T-Plan Robot Enterprise features a programable Java API allowing to write test scripts in the Java language. Compared to the TPR scripting language this approach has numerous advantages such as:
Version 2.1 and 2.2 delivered additional functionality which allows to integrate Java test scripts with the TPR scripting language in order to build hybrid test suites. This includes:
This document is intended to provide basic information on how to write and execute Java test scripts and where to look for detailed information in the T-Plan Robot Enterprise documentation.

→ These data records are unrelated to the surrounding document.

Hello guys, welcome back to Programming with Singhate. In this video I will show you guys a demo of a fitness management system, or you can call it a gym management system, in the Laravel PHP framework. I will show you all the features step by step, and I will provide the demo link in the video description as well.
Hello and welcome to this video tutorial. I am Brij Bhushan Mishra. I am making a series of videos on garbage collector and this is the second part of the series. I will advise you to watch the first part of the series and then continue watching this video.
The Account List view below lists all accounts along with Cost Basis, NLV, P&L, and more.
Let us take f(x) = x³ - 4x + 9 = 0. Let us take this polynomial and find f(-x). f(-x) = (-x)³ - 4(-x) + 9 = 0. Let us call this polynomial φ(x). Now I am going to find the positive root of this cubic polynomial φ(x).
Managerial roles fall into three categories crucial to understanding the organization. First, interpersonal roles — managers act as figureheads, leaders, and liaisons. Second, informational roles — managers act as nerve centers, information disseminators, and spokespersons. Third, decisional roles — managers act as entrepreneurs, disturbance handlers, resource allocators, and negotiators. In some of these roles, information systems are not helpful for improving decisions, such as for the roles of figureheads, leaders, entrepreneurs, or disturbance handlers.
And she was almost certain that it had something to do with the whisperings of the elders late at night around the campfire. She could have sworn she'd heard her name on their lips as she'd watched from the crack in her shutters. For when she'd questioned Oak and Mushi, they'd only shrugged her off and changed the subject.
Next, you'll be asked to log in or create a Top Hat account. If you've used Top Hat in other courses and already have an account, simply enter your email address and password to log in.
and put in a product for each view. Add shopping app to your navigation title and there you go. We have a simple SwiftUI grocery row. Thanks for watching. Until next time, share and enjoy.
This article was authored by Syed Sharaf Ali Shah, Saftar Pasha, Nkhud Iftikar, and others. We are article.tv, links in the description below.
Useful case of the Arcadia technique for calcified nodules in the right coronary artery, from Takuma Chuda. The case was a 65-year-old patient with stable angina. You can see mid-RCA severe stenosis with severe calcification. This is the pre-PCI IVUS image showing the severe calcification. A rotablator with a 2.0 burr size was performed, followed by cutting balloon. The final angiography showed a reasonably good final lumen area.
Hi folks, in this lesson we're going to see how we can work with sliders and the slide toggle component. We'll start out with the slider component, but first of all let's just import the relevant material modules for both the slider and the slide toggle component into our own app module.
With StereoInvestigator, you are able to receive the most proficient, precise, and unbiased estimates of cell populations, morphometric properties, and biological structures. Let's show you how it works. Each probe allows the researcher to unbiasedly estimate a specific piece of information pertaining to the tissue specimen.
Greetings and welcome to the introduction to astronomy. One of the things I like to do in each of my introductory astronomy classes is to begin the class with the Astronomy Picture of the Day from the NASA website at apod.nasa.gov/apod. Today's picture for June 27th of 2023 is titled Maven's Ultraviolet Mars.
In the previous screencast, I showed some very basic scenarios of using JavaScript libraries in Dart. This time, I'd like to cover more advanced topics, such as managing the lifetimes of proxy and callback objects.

2. Setting Up Development Environment

Though the Robot's script editor allows to modify the Java source code there's no advanced development functionality such as method hinting and debugging. That's why it is highly recommended to use a Java Integrated Development Environment (IDE) , such as NetBeans or Eclipse for Java development. Robot 3.0 supports work with these environment as follows:
  1. Robot's project folder is compatible with most IDEs. As the Java classes are placed into the src/ folder it is possible to create a project folder shared by Robot and the IDE.
  2. Robot automatically detects external script file updates on the GUI window activation (focus) and reloads the script editor unless there are unsaved code changes. This behavior allows to work on the same Java class or classes both in the IDE and in Robot.
  3. Java test scripts may be executed both from Robot (using the GUI controls or through the -r CLI option) or from the IDE (through the main() method).
  4. It is recommended to use Robot to create new Java test scripts and to generate the testing code through the GUI tools (Script Recorder, Code Templates, Command Wizard, ...). Use NetBeans for development of any other Java code.
The following instructions show how to set up a project shared between T-Plan Robot Enterprise and NetBeans 6.9.

A. NetBeans Set Up
  1. Download and install NetBeans if you haven't done so.
  2. Start NetBeans.
  3. Create the project in NetBeans first. It will create a path like <project_home>/<project_name> which contains the src/ folder and the build.xml file.
    1. Select File->New Project in the menu.
    2. Highlight Java Application and click Next
    3. Enter a project name and select a folder to store the project to. You may optionally use the default Robot's project path (name=MyAutomation, folder=<user home>).
    4. Select Finish to create the project structure and configuration files.
  4. Right click the MyAutomation node in the project tree and select Properties in the pop up menu to open project configuration.
    1. Select Libraries in the configuration tree.
      1. Check that the Java Platform is JDK 1.6 or higher.
      2. Make sure that the Compile tab is selected and select the Add JAR/Folder button (note that the dialog may be too wide and you may have to scroll to the right to make the button visible).
      3. Navigate to the T-Plan Robot Enterprise installation folder and add all the JAR files listed in the Release Notes file table to the compile-time library list.
      4. Add any 3rd party libraries you are going to use.
    2. Select OK to save the changes.

NOTE: When using Eclipse and exporting a runnable jar file make sure to choose the "Extract required libraries into generated JAR" option under Library Handling. The Robot's plugin functionality will fail otherwise.

B. Robot Set Up
  1. Start Robot.
  2. Make sure that Robot was either started with the java executable from a JDK installation or it is configured properly with the path to the JDK. See the Release Notes for instructions. A failure to configure the JDK access will make Robot to refuse support of Java test scripts later.
  3. To create a shared project:
  4. Put any 3rd party Java libraries you are going to use on the Robot's class path (into the -classpath option in the start command) or copy them to the plugins/ directory under the Robot install folder.
  5. Create a Java test script (see below). Open the same class in NetBeans and start developing the test code in both environments as needed.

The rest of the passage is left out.